Open onvungocminh opened 1 year ago
Hi, I train my own dataset on dinov2 too! My dataset has 4000 images, but I missed ‘’NaN detected‘’ this error,I check my train log and find the koleo_loss is inf alwys, do you have any ideas or advice? Thanks very much!
Yes My dataset contains 20 0000 images of chromosome. The loss didn't decrease for even 0.1 with vit_base of the default config with 50 epochs.(The loss at the start is 15.6255 and after 50 epochs, it's 15.6254)
https://github.com/facebookresearch/dinov2/issues/134#issuecomment-1630981911 By the way, do you guys have this issue?
#134 (comment) By the way, do you guys have this issue? yes! I have the same issue. When I train my own dataset with 1 nodes,change --gpus-per-node is invalid!

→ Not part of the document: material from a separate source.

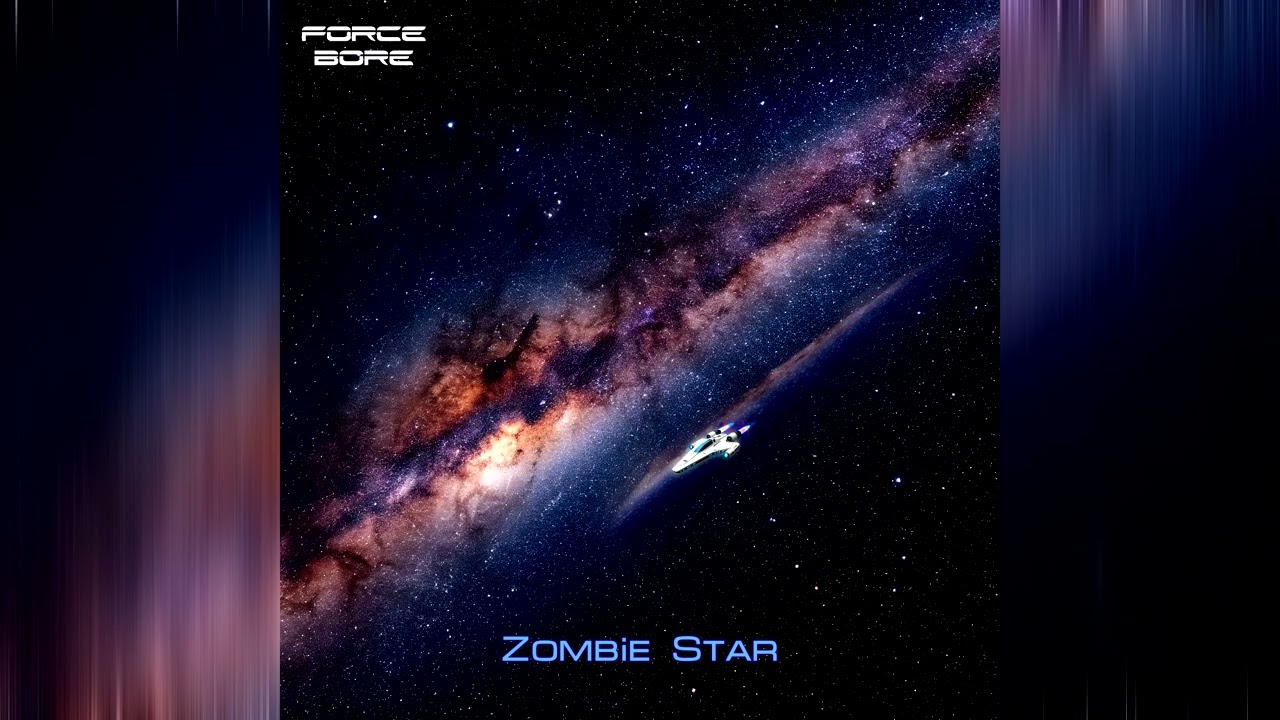 ForceBore - Zombie Star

#134 (comment) By the way, do you guys have this issue? yes! I have the same issue. When I train my own dataset with 1 nodes,change --gpus-per-node is invalid!
You can use --gres=gpu:4 instead of --gpus-per-node=4
--gres=gpu:4
thanks for your reply! can you give more details? where are this parameter from?
--gres=gpu:4
thanks for your reply! can you give more details? where are this parameter from?

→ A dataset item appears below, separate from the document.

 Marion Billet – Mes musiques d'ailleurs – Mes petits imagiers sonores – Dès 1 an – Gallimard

#134 (comment) By the way, do you guys have this issue? yes! I have the same issue. When I train my own dataset with 1 nodes,change --gpus-per-node is invalid!
You can use --gres=gpu:4 instead of --gpus-per-node=4
Thanks for your reply again!But for me,I only have a single machine and multiple gpus, and I cannot apply Slurm
#134 (comment) By the way, do you guys have this issue? yes! I have the same issue. When I train my own dataset with 1 nodes,change --gpus-per-node is invalid!
You can use --gres=gpu:4 instead of --gpus-per-node=4
Thanks for your reply again!But for me,I only have a single machine and multiple gpus, and I cannot apply Slurm
OK, seems that it will be sent to slurm if you run the train.py directly..... I saw torchrun
in https://github.com/facebookresearch/dinov2/issues/134, hopefully it will work?
#134 (comment) By the way, do you guys have this issue? yes! I have the same issue. When I train my own dataset with 1 nodes,change --gpus-per-node is invalid!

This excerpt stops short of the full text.